◆ What you should do ◆
Copy every line from the one that holds "13.09.2026 - Kiel" to the end of the records below, exactly and with nothing else, but without any pictures.

◆ Material provided ◆
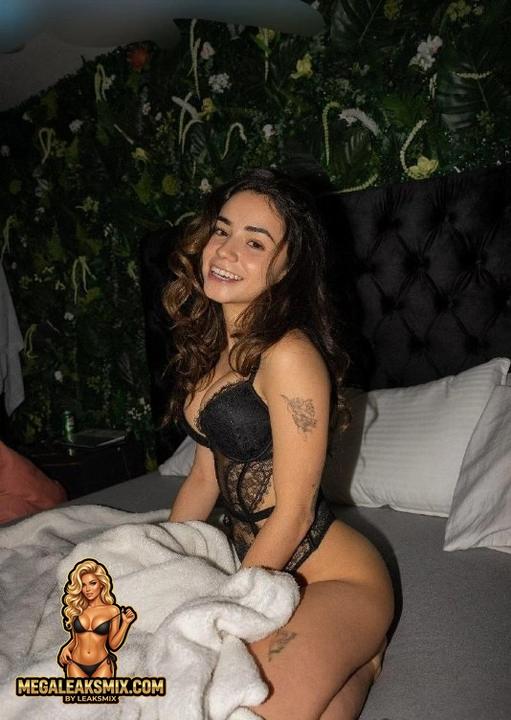 Jameliz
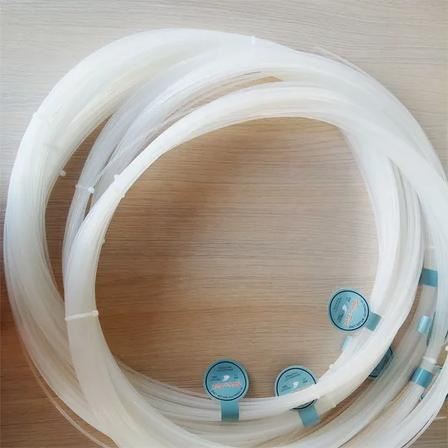 Commercial Pelagic Longline – 3.5mm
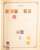 Kavel 3279 (53)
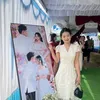 v.th.thanh.phng02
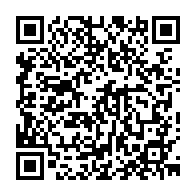 qrcode:http://www.college-max-jacob-josselin.ac-rennes.fr/289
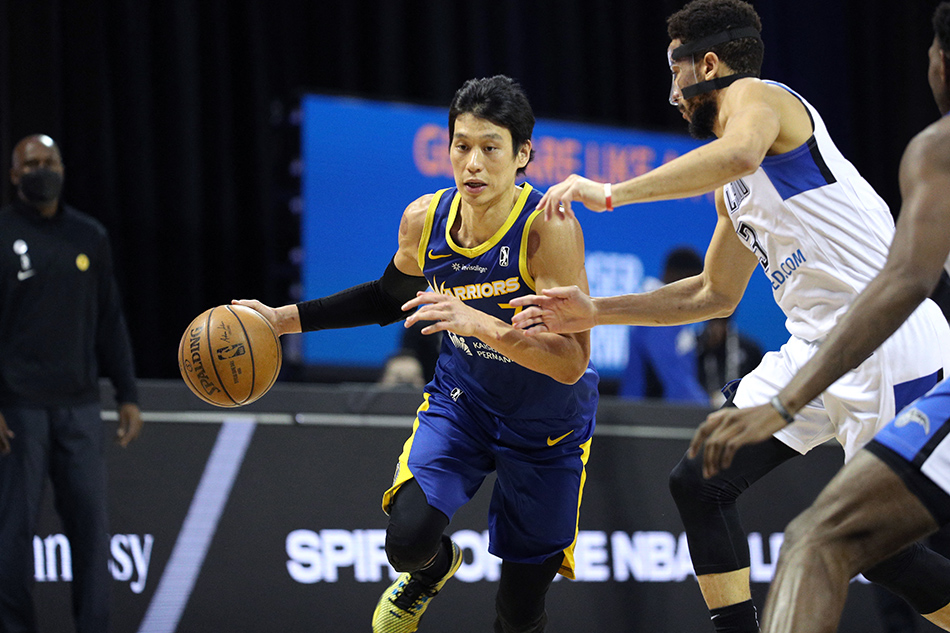 Warriors Rumors: Jeremy Lin Weighing His Basketball Future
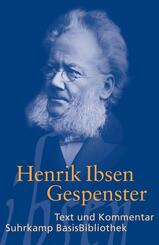 Gespenster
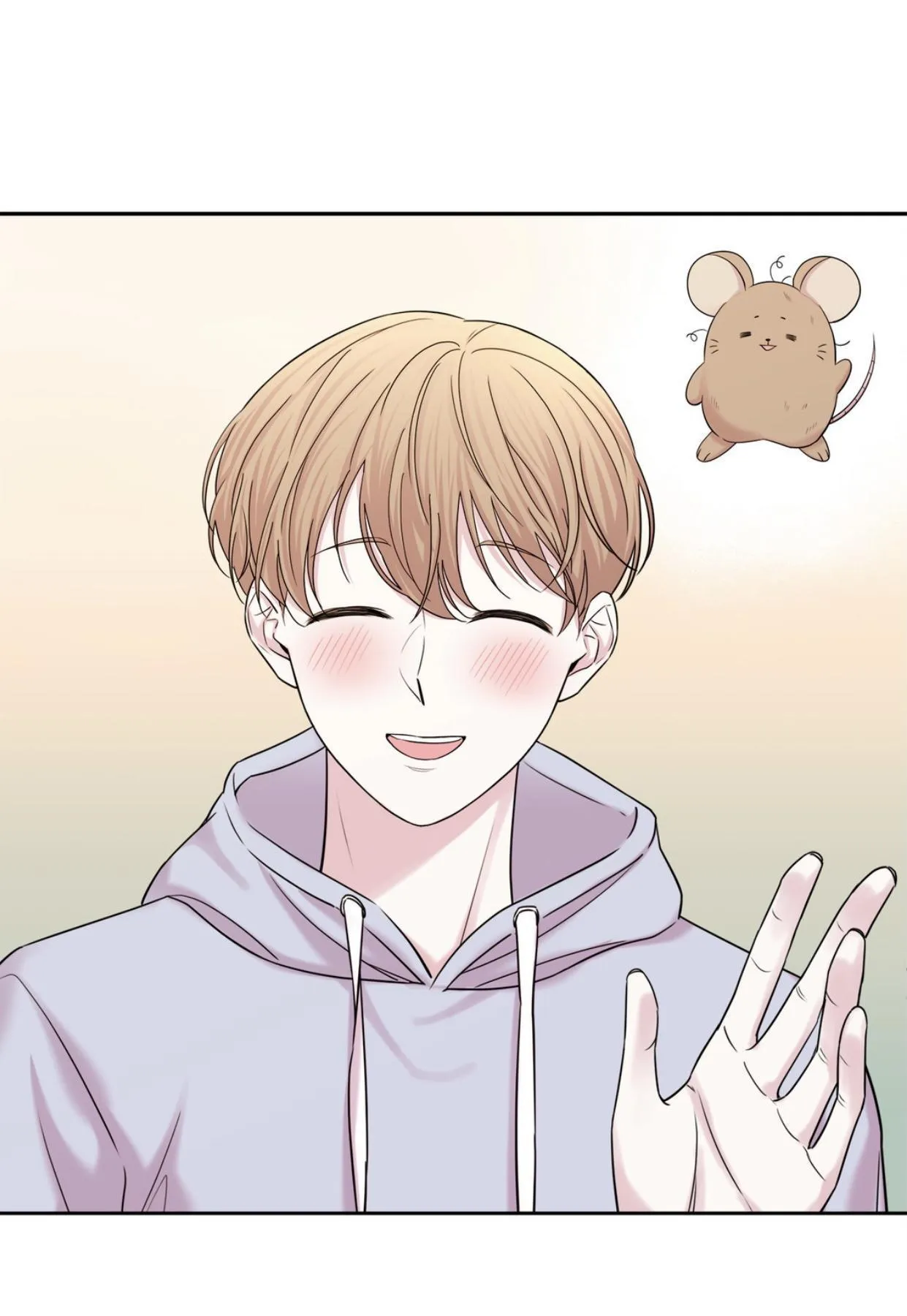 10 Đêm Mê Hoặc Chapter 40 Trang 52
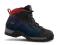 Buty Dolomite FLASH EVO GTX r.37 Kurier Gr |5264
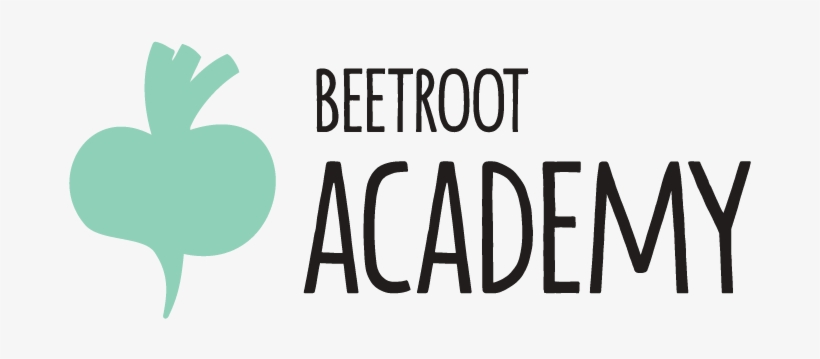 Beetroot Academy - Beetroot Academy Png, transparent png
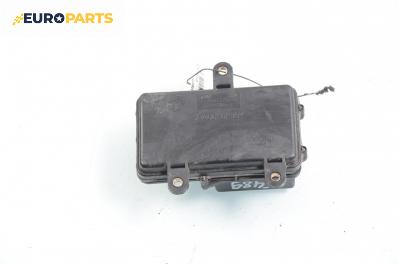 Реле за перка охлаждане за Fiat Punto Hatchback (09.1993 - 09.1999) 75 1.2, № 46410810
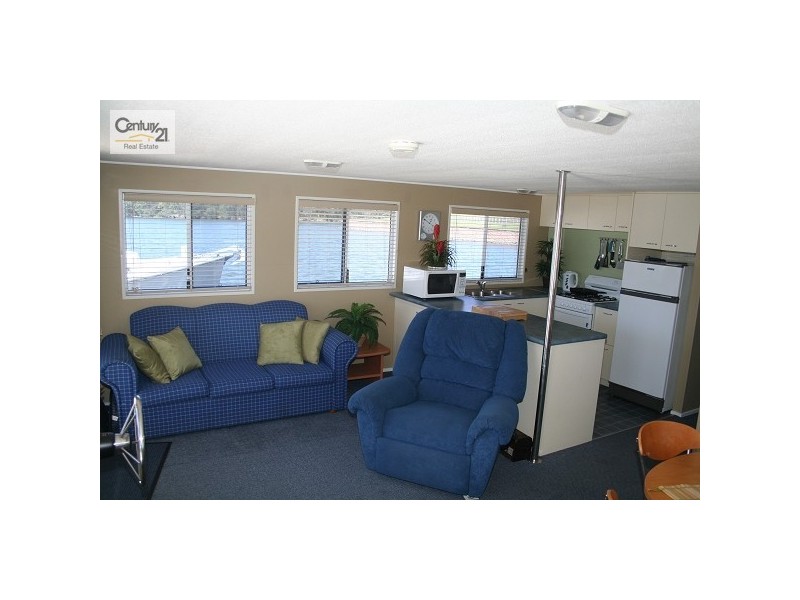 Harrington NSW 2427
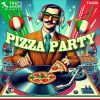 Download track Pizza Rave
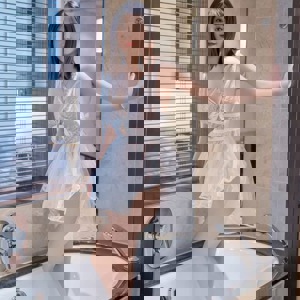 תמונת הפרופיל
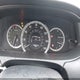 1HGCR2F94GA125433 2016 Honda Accord Ex-L auction photo thumbnail 7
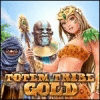 Totem Tribe Gold Extended Edition 게임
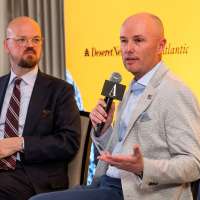 Beyond data centers: Utah governor issues wake-up call on new Cold War contest over AI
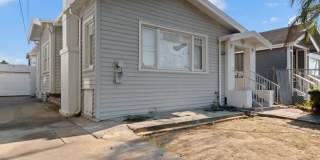 Great 2 bedroom Home Gallery 1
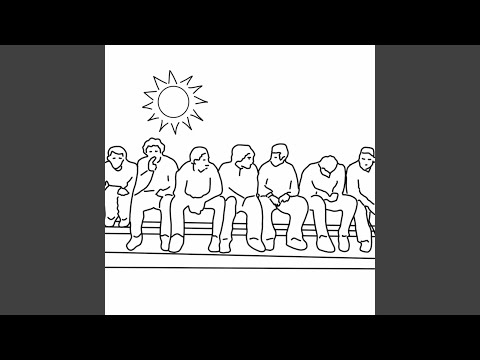 Por lo que nos queda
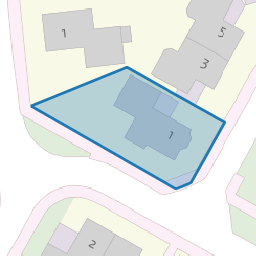 Perceel WDN02-E-9280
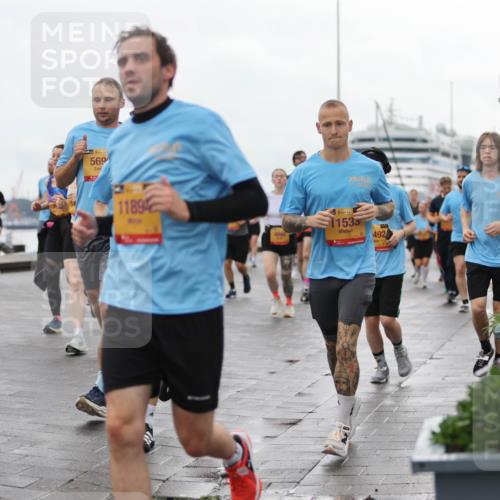13.09.2026 - Kiel Lauf Andreas Tolksdorf http://msf.ph/oto/10404718 13.09.2026 11:05:36 Kiellinie 38, 569, 1189, 4, 38, 11535, 492 meine-sportfotos.de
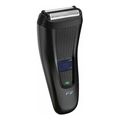 xyristiki mixani remington shave f2002 style series f2 extra photo 1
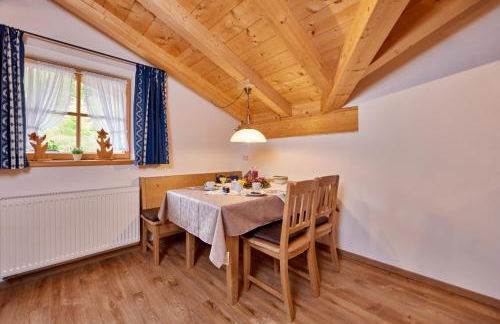 Ferienwohnungen Pfanzelter - Foto 23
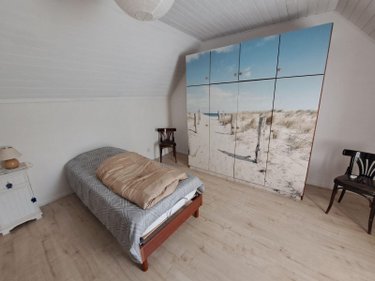 Maison a vendre Moëlan-sur-Mer 29350 Finistère 115 m2 4 pièces 264945 euros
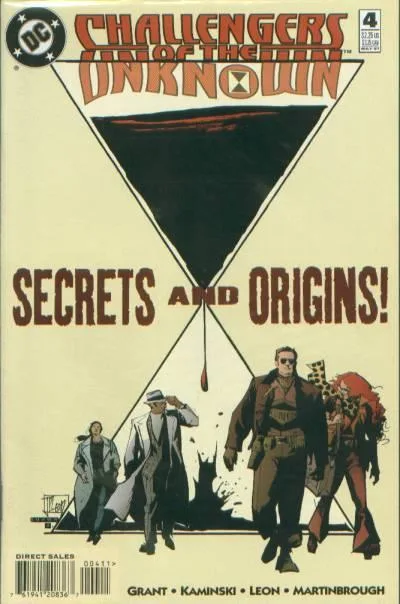 Cover of Expose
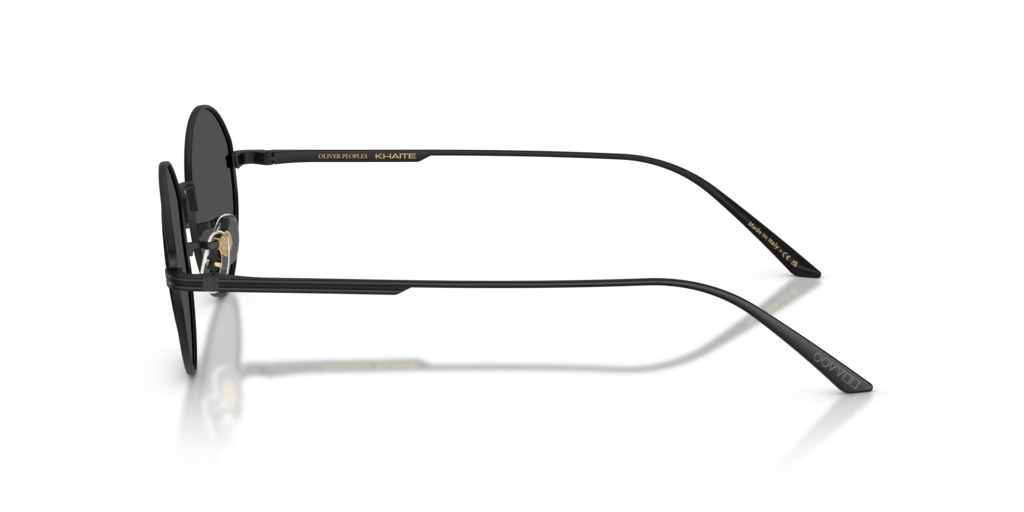 Oliver Peoples OV1376S 506287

◆ Output for this exercise ◆
13.09.2026 - Kiel Lauf Andreas Tolksdorf http://msf.ph/oto/10404718 13.09.2026 11:05:36 Kiellinie 38, 569, 1189, 4, 38, 11535, 492 meine-sportfotos.de
 xyristiki mixani remington shave f2002 style series f2 extra photo 1
 Ferienwohnungen Pfanzelter - Foto 23
 Maison a vendre Moëlan-sur-Mer 29350 Finistère 115 m2 4 pièces 264945 euros
 Cover of Expose
 Oliver Peoples OV1376S 506287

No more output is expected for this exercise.